## The problem
Please restate each line of the material word for word and omit any pictures.

## Dataset content
╔══
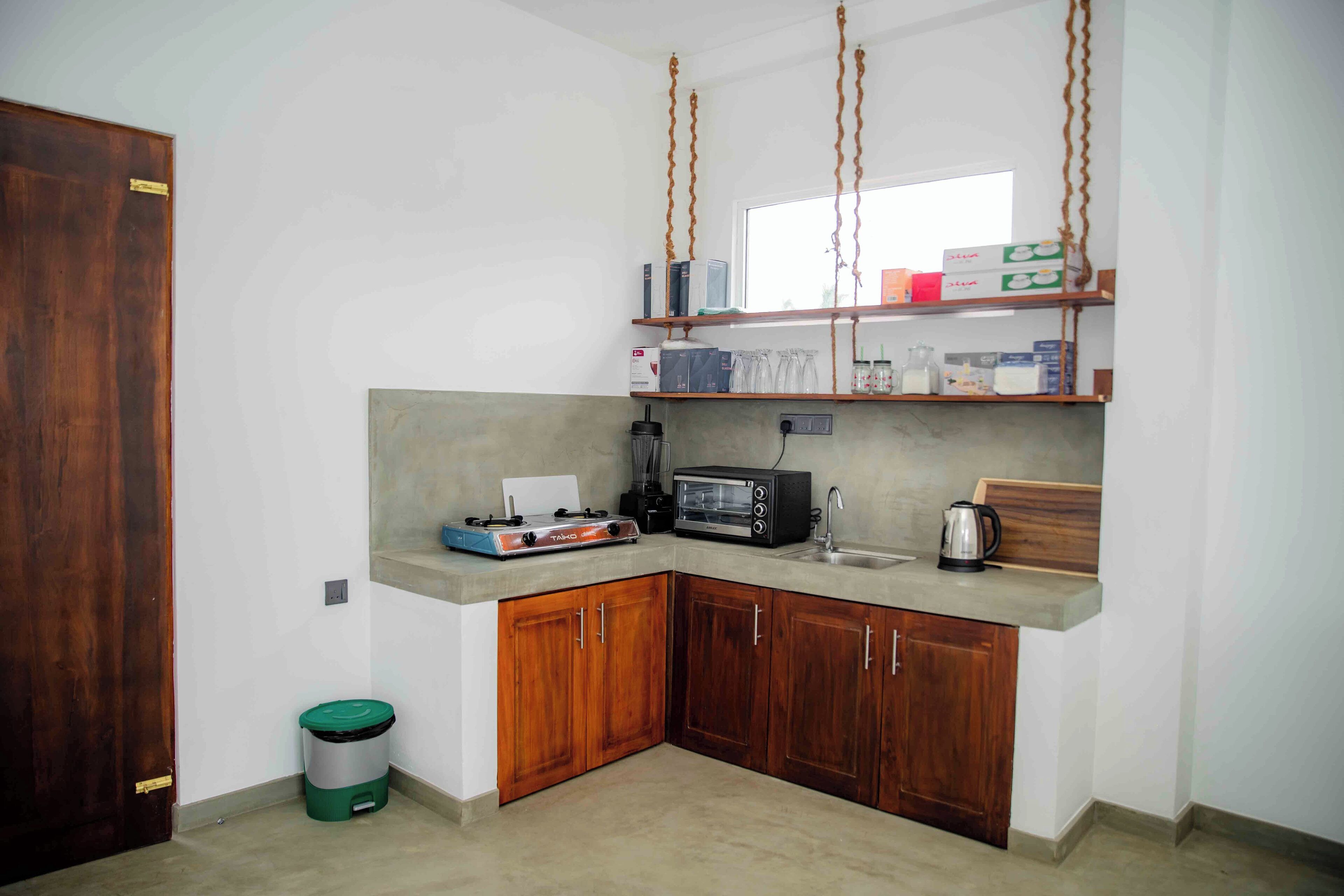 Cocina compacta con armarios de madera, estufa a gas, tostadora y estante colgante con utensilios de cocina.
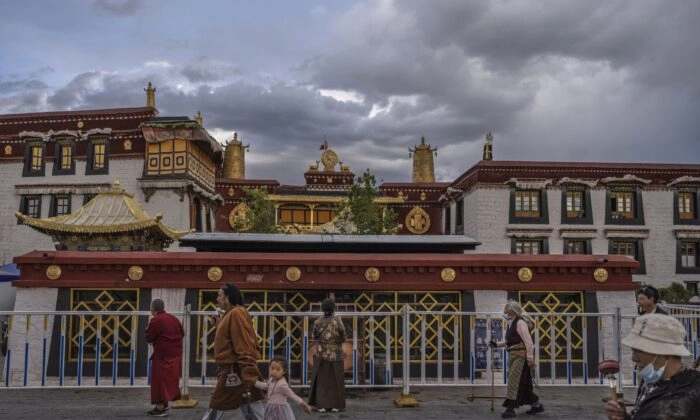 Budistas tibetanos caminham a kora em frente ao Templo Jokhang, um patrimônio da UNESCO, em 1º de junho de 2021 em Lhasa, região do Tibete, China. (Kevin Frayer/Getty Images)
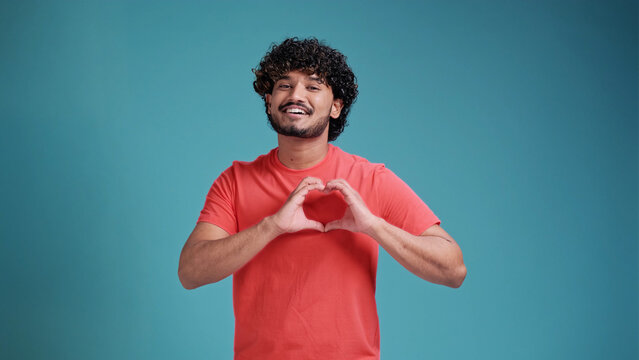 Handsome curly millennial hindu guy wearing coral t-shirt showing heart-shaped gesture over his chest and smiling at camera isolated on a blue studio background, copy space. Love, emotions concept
╚══
## Written answer
 Cocina compacta con armarios de madera, estufa a gas, tostadora y estante colgante con utensilios de cocina.
 Budistas tibetanos caminham a kora em frente ao Templo Jokhang, um patrimônio da UNESCO, em 1º de junho de 2021 em Lhasa, região do Tibete, China. (Kevin Frayer/Getty Images)
 Handsome curly millennial hindu guy wearing coral t-shirt showing heart-shaped gesture over his chest and smiling at camera isolated on a blue studio background, copy space. Love, emotions concept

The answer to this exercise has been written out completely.